Das Überangebot an allem im Netz hat im Verbund mit Beschleunigung und Usability zu einem reversen Digitaldarwinismus geführt: ein Produkt, das es nicht schafft, die Ungeduld des Nutzers in Schach zu halten, hat keine Chance. Weil die digitale Vernetzung immer tiefer in die Gesellschaft eingreift, bleibt die Wirkung der digitalen Ungeduld nicht auf das Internet beschränkt. Auf fixmystreet.co.uk  und dem bezeichnend benamten seeclickfix.com  können Nutzer in Großbritannien und den USA infrastrukturelle Mängel angeben. Die gemeldeten Probleme wie Schlaglöcher oder defekte Beleuchtung werden in die administrative Maschinerie eingespeist. Man braucht nicht viel Phantasie, um sich einen Nutzer vorzustellen, der zwei Stunden nach seinem Eintrag bereits nervös nach dem Reparaturtrupp für die kaputte Straßenlaterne Ausschau hält.
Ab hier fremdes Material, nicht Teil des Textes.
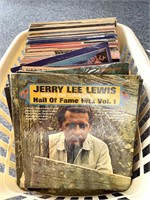Record Albums: Jerry Lee Lewis, Marty Robbins,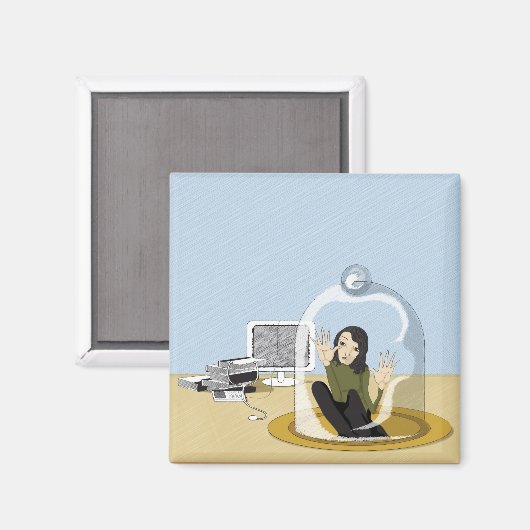 Aimant accès refusé (Recto/Verso)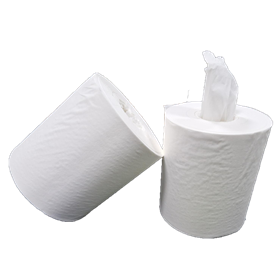 Handdoekrol Midi Coreless 100% Cellulose Glad 1 laags 20 cm Verpakking 6 x 300 meter -Horecavoordeel.com-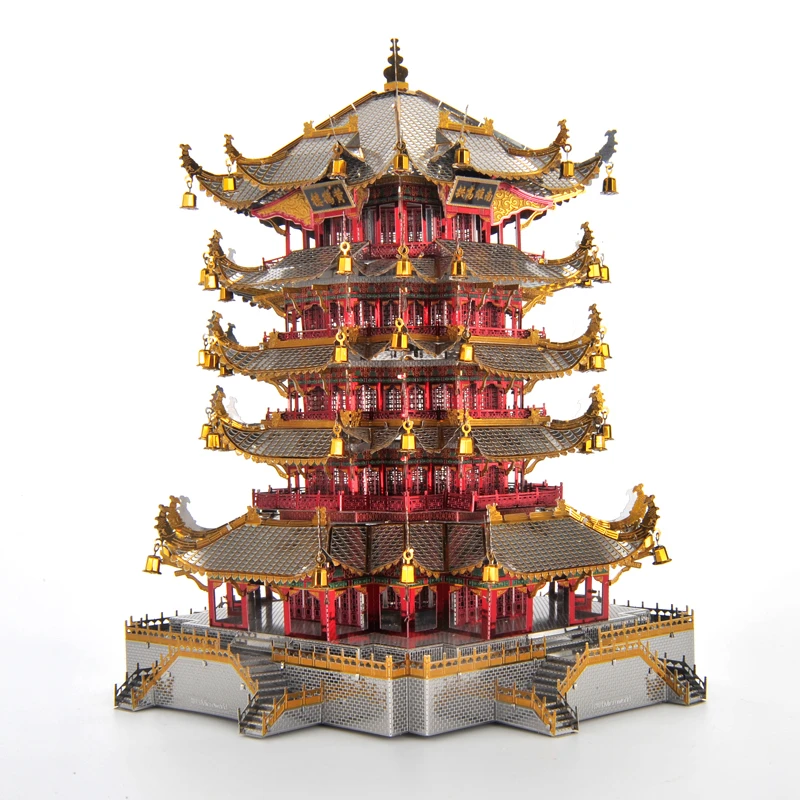 Yellow Crane Tower 3D Metal Puzzles Architecture World Buildings Model Kits Laser Cut Assemble Jigsaw Adult Gift Toys Collection
Yellow Crane Tower 3D Metal Puzzles Architecture World Buildings Model Kits Laser Cut Assemble Jigsaw Adult Gift Toys Collection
Diese digitale Sollbruchstelle zwischen Bürger und Staatsapparat wird irgendwann brechen, und es wird kein schönes Geräusch sein. Der mittelfristige Sieger steht auch bereits fest, denn die Mischung aus Volksungeduld und Vernetzung kann sehr machtvoll sein, wie die Herren Mubarak und Ben Ali auf Nachfrage sicher bestätigen werden.

Die Kultur der Ungeduld, ausgemacht von den Forschern der Uni Toronto, mag in Fast Food eines ihrer Symbole finden. Aber auch das Gegenteil ließe sich mit einer Nahrungsmetapher belegen. Wenn es eine Hochkultur der Geduld gibt, dann spiegelt sie sich in der Kunst des besonders langsamen Trinkens: der japanischen Teezeremonie, die mindestens vier Stunden dauert. Insofern sollte es legitim sein, für die Definition von Geduld ein altes, japanisches Sprichwort zu bemühen: "Geduld ist die Kunst, nur langsam wütend zu werden." Der erste Kommentar dazu im Netz würde lauten: Aber manchmal ist es wirksamer, schnell wütend zu werden.

tl;dr

Mit dem Internet und seiner Beschleunigung wandelt sich Ungeduld zur positiveren Eigenschaft, weil sie vernetzt die Welt verändern kann.

(In Anerkennung der Ungeduld als Eigenschaft mit positiven Facetten soll fortan unter jeder Mensch-Maschine eine twitterfähige Zusammenfassung des Textes in 140 Zeichen stehen. Sie wird den Namen tl;dr tragen, eine Internet-Abkürzung für "too long; didn't read".)